55試験、妊娠79万5,221例をメタ解析
 研究グループは、慢性高血圧を有する女性の妊娠に伴う合併症について正確に評価すること、また米国一般妊婦集団などとの比較により、妊娠前および出産前マネジメント戦略に情報を提供することを目的としたシステマティックレビューとメタ解析を行った。

 Embase、Medline、Web of Scienceをソースに、各媒体の発刊から2013年6月までに刊行された論文を言語を問わずに検索し、関連論文の参考文献や追加報告の手動検索も行った。対象試験は、慢性高血圧の妊婦が参加している、後ろ向きおよび前向きコホートの住民ベース無作為化試験を適格とした。

 報告されていた各妊娠アウトカムの発生をプールして分析し、また米国で行われた試験結果について、米国一般集団(2006年National Vital Statistics Report)の発生と比較した。

 解析には、適格条件を満たした55試験、妊娠79万5,221例が組み込まれた。

早産・低体重児・NICUリスクは約3倍、周産期死亡リスクは約4倍
 結果、慢性高血圧の妊婦は、次のアウトカムが高かった。加重型妊娠高血圧腎症25.9%(95%信頼区間[CI]:21.0~31.5%)、帝王切開41.4%(同:35.5~47.7%)、37週未満の早産28.1%(同:22.6~34.4%)、出生時体重2,500g未満16.9%(同:13.1~21.5%)、NICU入室20.5%(同:15.7~26.4%)、周産期死亡4.0%(同:2.9~5.4%)であった。ただし、これらのアウトカムの発生報告には、いずれもかなりの不均一性があった(τ2=0.286~0.766)。そのため、メタ回帰分析による人口統計学的要因の特定はできなかった。

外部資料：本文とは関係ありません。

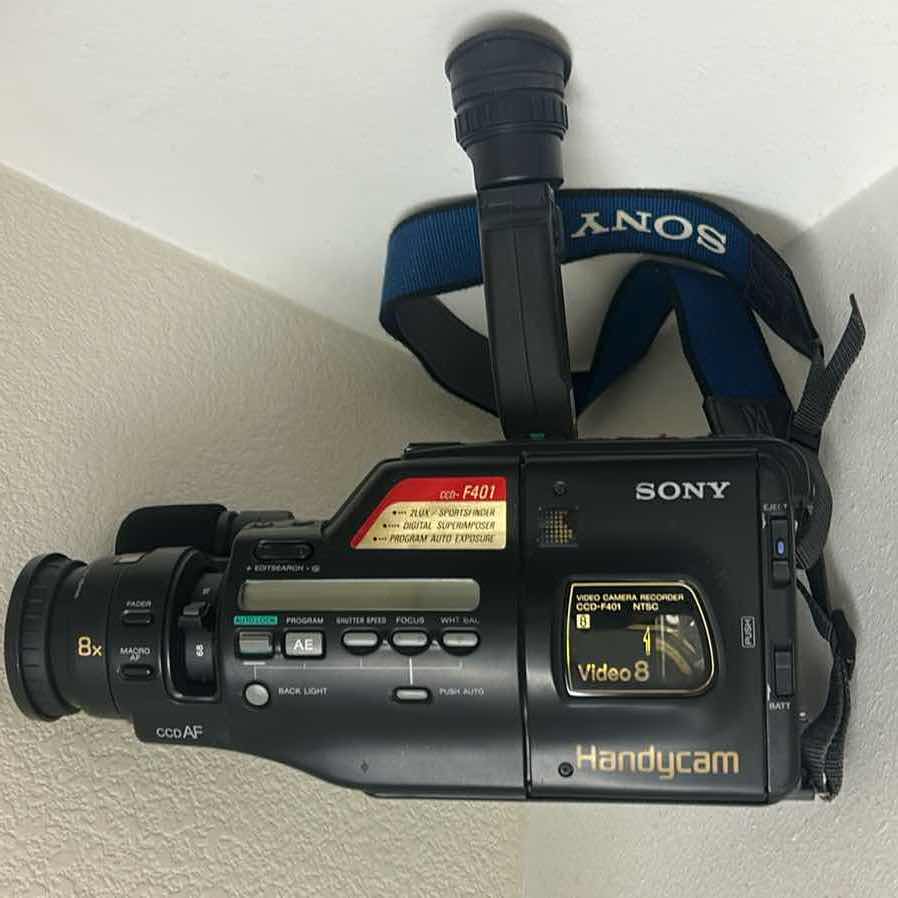 Photo 1 of SONY HANDYCAM VIDEO CAMARA W CASE CCD-F401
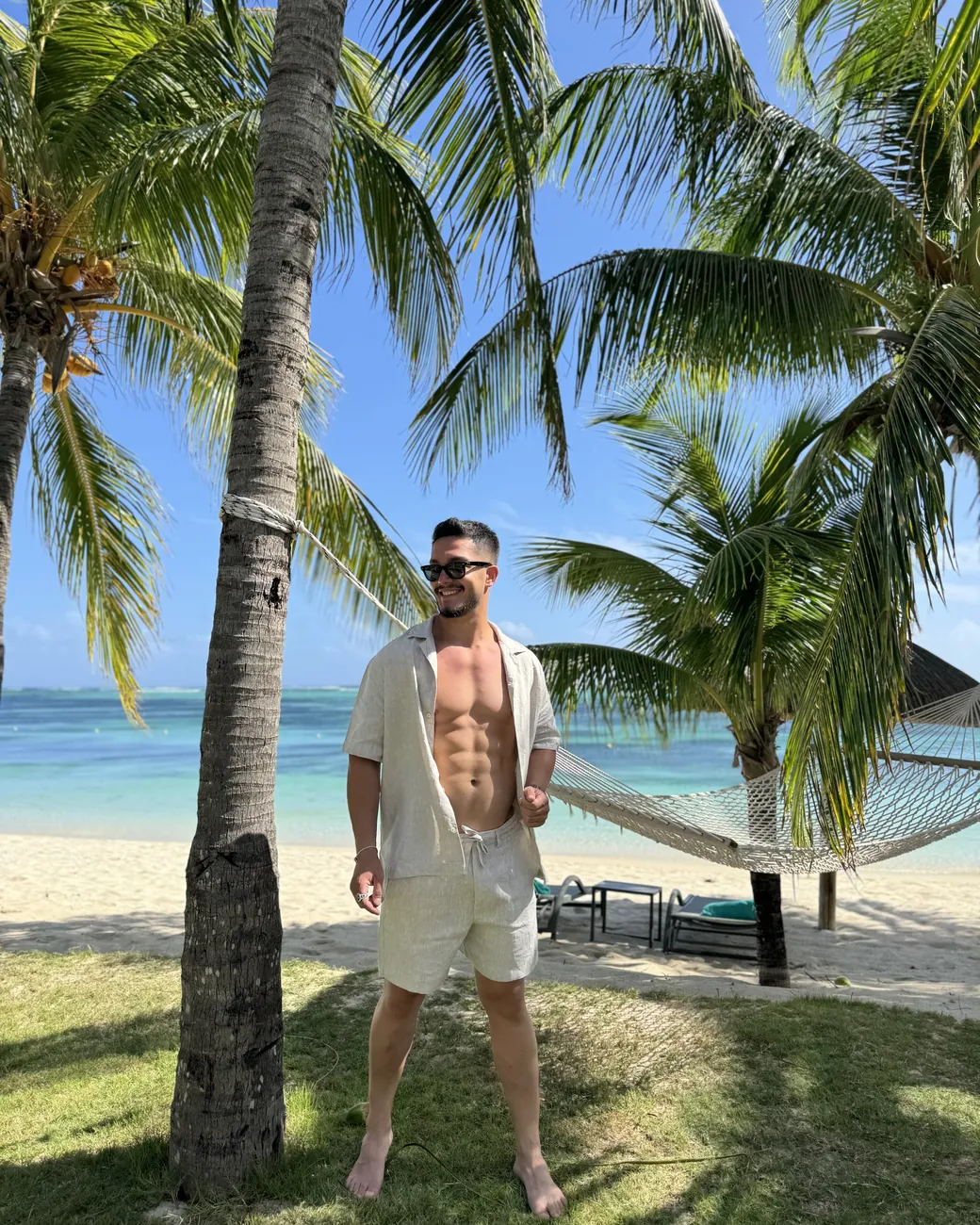 Mauritius'ta sahilde palmiyeler arasında Ali Can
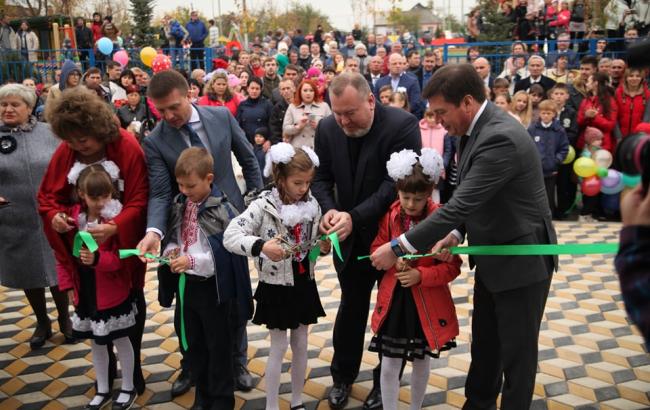 Зубко и Резниченко открыли уникальный детский сад в Днепропетровской области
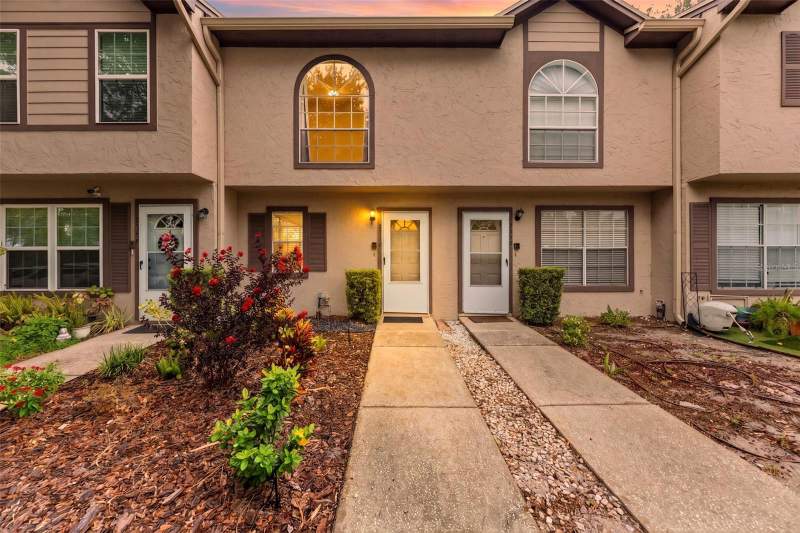 2 bedroom Townhouse at 2350 Fletchers Point Circle, Fletchers Point, Tampa — photo 2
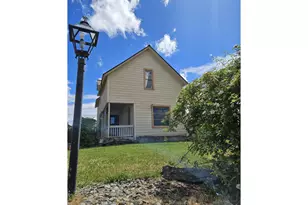 322 NW 2nd St, Goldendale, WA 98620 - Photo 1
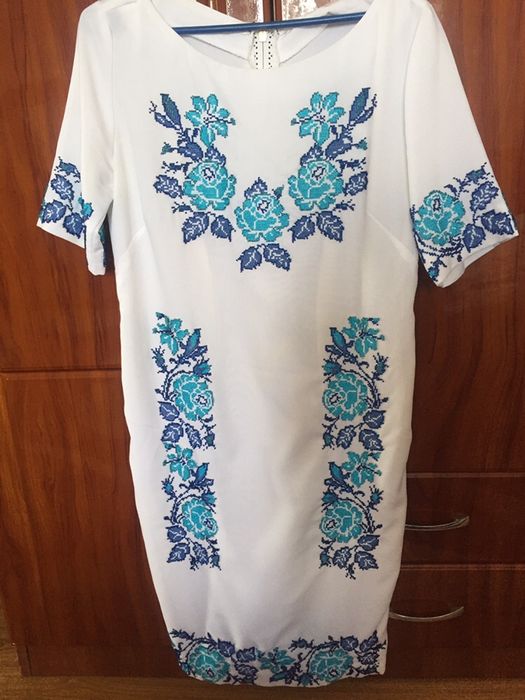 Плаття вишите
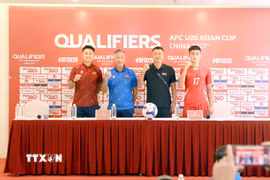 Huấn luyện viên và cầu thủ U20 Việt Nam, U20 Triều Tiên thể hiện quyết tâm trước trận ra quân tại Vòng loại Giải bóng đá U20 châu Á 2027. (Ảnh: Hoàng Hùng/TTXVN)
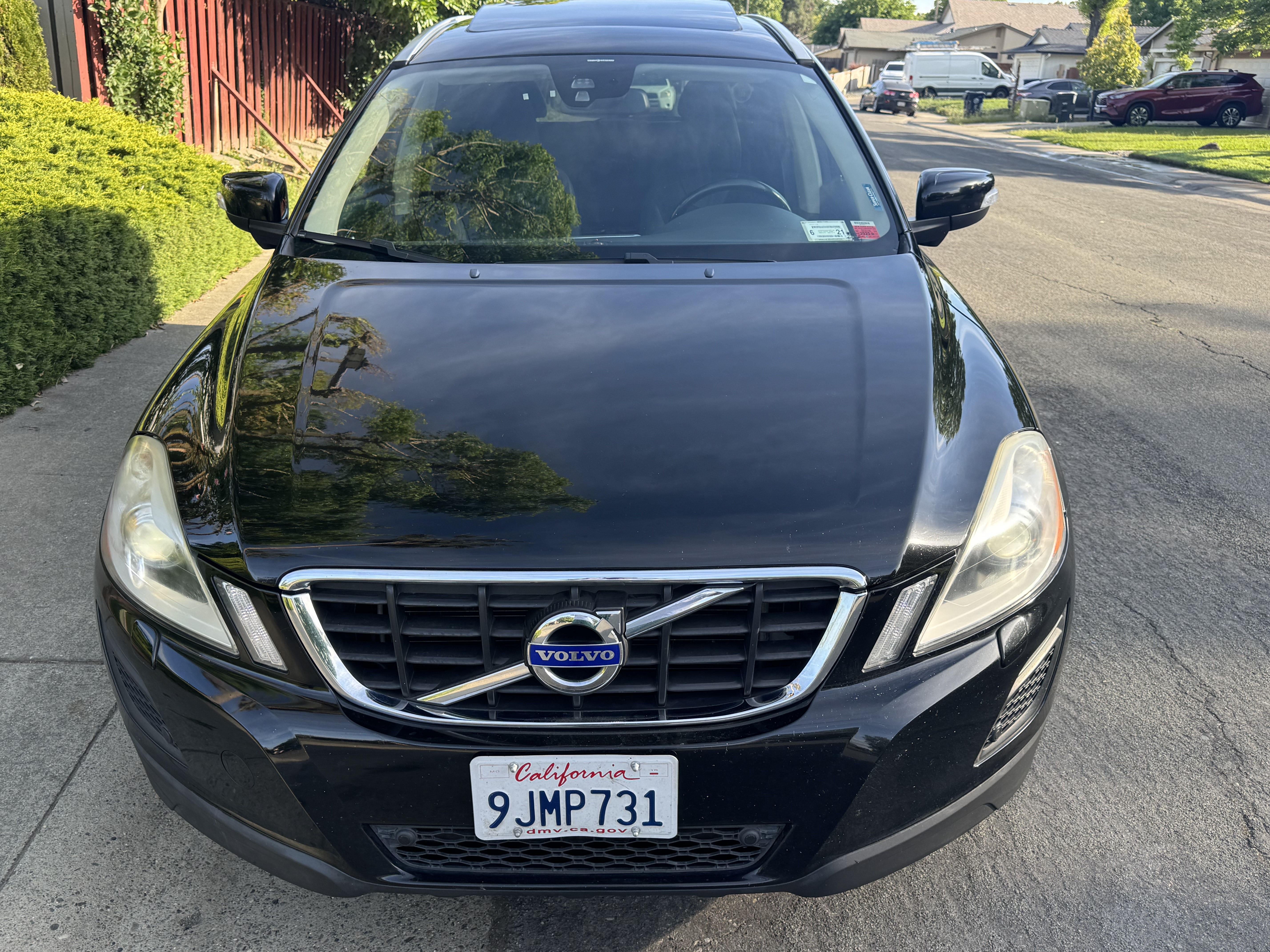 Used 2013 Volvo XC60 T6 AWD/4WD image 1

 米国で行われた試験の被験者と同国一般集団との比較からは、慢性高血圧を有する妊婦のリスクが以下について高いことが示された。加重型妊娠高血圧腎症の相対リスクは7.7(95%CI:5.7~10.1)、帝王切開1.3(同:1.1~1.5)、37週未満の早産2.7(同:1.9~3.6)、出生時体重2,500g未満2.7(同:1.9~3.8)、NICU入室3.2(同:2.2~4.4)、周産期死亡4.2(同:2.7~6.5)であった。

(武藤まき:医療ライター)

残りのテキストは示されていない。